I talked myself into going out by myself as I had all the gear to do so. I knew walking wasn’t going to be an option due to the bright moon so it would have to be a sit and wait. It wasn’t long before I arrived home and got all the gear ready.
15 minutes later I was back in the Landy and on route to my first permission. The fields looked white due to the heavy frosts and clear skies and I knew I had to hide myself well. There was a very slight breeze blowing left to right across the field so my position would have to be out on the right. Some overhanging trees created a fantastic backdrop for me and the motor. Once in position I walked out to see how hidden the car was, perfect couldn’t see it at all.
The hatch had already been taken off back at home so I climbed in and made myself at home. With rifle ready – and safety on I looked through my scope and could see most of the field without a light. On top of the scope was my Night Master Green Envy with the Xsearcher head on it. I use Night Masters quick release mount that’s fully adjustable and is so much better than the standard clamp, worth every penny. With the rifle ready to go on the roof I started to call softly with the new caller – the Scotch Shaker Predator Caller.
10 minutes later and nothing had shown itself so I sat back down and rolled myself a ciggy to have with a brew I’d fetched with me. I couldn’t believe how still everything was, the breeze had gone completely now which buggered me up a little. The stars were amazing I found myself staring at them for a long time and several shot across the clear skies leaving a light trail as they burnt out.
Tea break over, I started to call once more. About 400 yards in front lay a bed of rushes and out behind that a massive wood. Within seconds of calling a set of eyes sat just in front of the rushes. I turned off the 170 and kept calling gently. I turned the light back on and it had come closer and as I swapped over onto the little mouse squeaker those eyes started bounding in. I lay the rifle down on the bonnet bag and switched on the green Envy XSearcher. Finding my target in the scope, I got a positive ID and as I watched it come closer I noticed another set of eyes closing in pretty quick.
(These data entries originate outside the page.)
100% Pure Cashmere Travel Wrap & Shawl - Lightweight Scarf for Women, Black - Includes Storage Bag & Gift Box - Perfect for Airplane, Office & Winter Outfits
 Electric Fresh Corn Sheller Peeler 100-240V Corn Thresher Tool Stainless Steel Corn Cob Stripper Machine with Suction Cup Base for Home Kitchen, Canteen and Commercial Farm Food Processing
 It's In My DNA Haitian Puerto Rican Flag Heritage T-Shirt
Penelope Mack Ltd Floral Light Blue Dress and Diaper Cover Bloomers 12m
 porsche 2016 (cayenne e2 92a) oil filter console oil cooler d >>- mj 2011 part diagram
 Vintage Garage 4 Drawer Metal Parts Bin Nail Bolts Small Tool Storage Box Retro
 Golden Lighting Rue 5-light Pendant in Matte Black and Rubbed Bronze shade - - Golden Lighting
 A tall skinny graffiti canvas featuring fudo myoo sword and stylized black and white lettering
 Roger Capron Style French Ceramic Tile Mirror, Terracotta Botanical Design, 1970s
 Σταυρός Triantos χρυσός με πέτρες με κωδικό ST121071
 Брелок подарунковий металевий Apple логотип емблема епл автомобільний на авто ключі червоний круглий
The new mouse squeaker is only a small caller and I had no problems operating it in my hand whist holding my rifle. The first fox was now about 50 yards away and the other one was probably about 230-240 and was now sat on its bum watching me. Once I had a full ID on both foxes I placed my cross on the bottom of the furthest ones neck, I brought my head off the stock to see where the closest one was and Christ it was now about 30 yards away and closing fast. My head was quickly back on the stock and the first round was soon on its way over the frozen grass and connecting with my first victim. I quickly located the second fox which was now roughly 60-70 yards away and running flat out away from me. I promptly had the cross on it and it was motoring. A sharp “Oiiiiiiii” and she stopped broad sideways and she soon hit the deck as my second round passed through her chest cavity. I carried on calling for another 10 minutes or so but nothing showed. Collecting the dead, I paced out the furthest one to roughly 260 and the closest one to 120.
My gear was soon packed away and I was on route to my next spot where I once again parked under some trees on the track which provided me with cover. I walked out into the field to check my position and all was good. I was soon calling again with the “Scotch Shaker” and within seconds I had a set of eyes bouncing in towards me. Normally I wouldn’t dream of swapping calls if one is currently bringing a fox in but the Scotch Shaker is quite loud – and to be honest, I’ve not mastered the art of using it in a subtle manner. Swapping to the small mouse squeaker made no difference what so ever and this steam train was still on route.
Again the XSearcher was on and my cross was following the fox in. I stopped calling when the fox got in to about 120-130 yard mark and waited till it got slightly closer before letting a little dog bark out and sending my third round of the night straight at it dropping him to the floor. I stayed for another hour calling but nothing showed itself.
I’ve never really been a fan of solo foxing but last night was perfect. I was at home in the silence of nature – It was fox versus me. I had to do everything right and I had nobody else to blame if I cocked up. On route home I felt proud of myself that a good job had been done and felt like patting myself on the back. The one downside of being out by yourself was that I couldn’t share the experience with anyone but hey ho I’m sure Ben will be out with me next time.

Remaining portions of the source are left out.